# Other Aquarium Forums > Equipment and Accessories > DIY Projects >  How to DIY a 4ft stackable filter

## koolman

Hi, 
Presently, I have been searching for a 4ft stackable filter or a 4ft multi-layer OHF for a long period. Could someone teach me how to set a 4ft stackable filter or where can I get a 4ft multi-layer OHF? Thanks

Regards,

Koolman

----------


## illumnae

you can buy the base and trays from C328...you'll have to buy a suitable powerhead and do a small DIY connecting the powerhead to the top tray using the plastic tubing available from c328...connectors also available from there so just need to measure and cut.

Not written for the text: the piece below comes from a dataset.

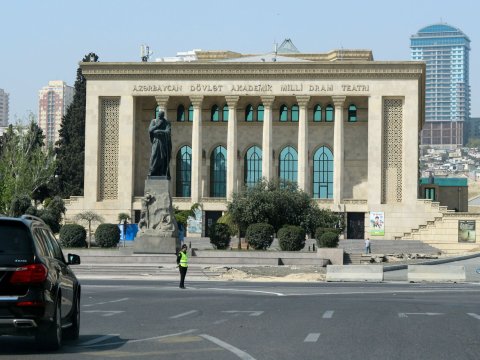 “Azdrama”ya qarşı dələduzluq - Saxta biletlər satılır  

i just DIYed a 2ft one about a month ago using the base and trays from c328 and the filter's working wonderfully...when i bought mine, another customer was just buying the 4ft one so they do have it available as well.

----------


## koolman

Hi, Thanks for providing me with such an useful information. I will go down and take a look when I am free.

Cheers

Koolman  :Grin:

----------


## nicefish

> you can buy the base and trays from C328...you'll have to buy a suitable powerhead and do a small DIY connecting the powerhead to the top tray using the plastic tubing available from c328...connectors also available from there so just need to measure and cut.
> 
> i just DIYed a 2ft one about a month ago using the base and trays from c328 and the filter's working wonderfully...when i bought mine, another customer was just buying the 4ft one so they do have it available as well.


Hi, I know this thread is pretty old but would like your advice regarding how to start a stackable OHF. 

1) What exactly are the hardware needed (minus the media) for a 2-feet tank?
2) How much would it roughly cost (minus media)?

Any advice would be helpful, thanks!

----------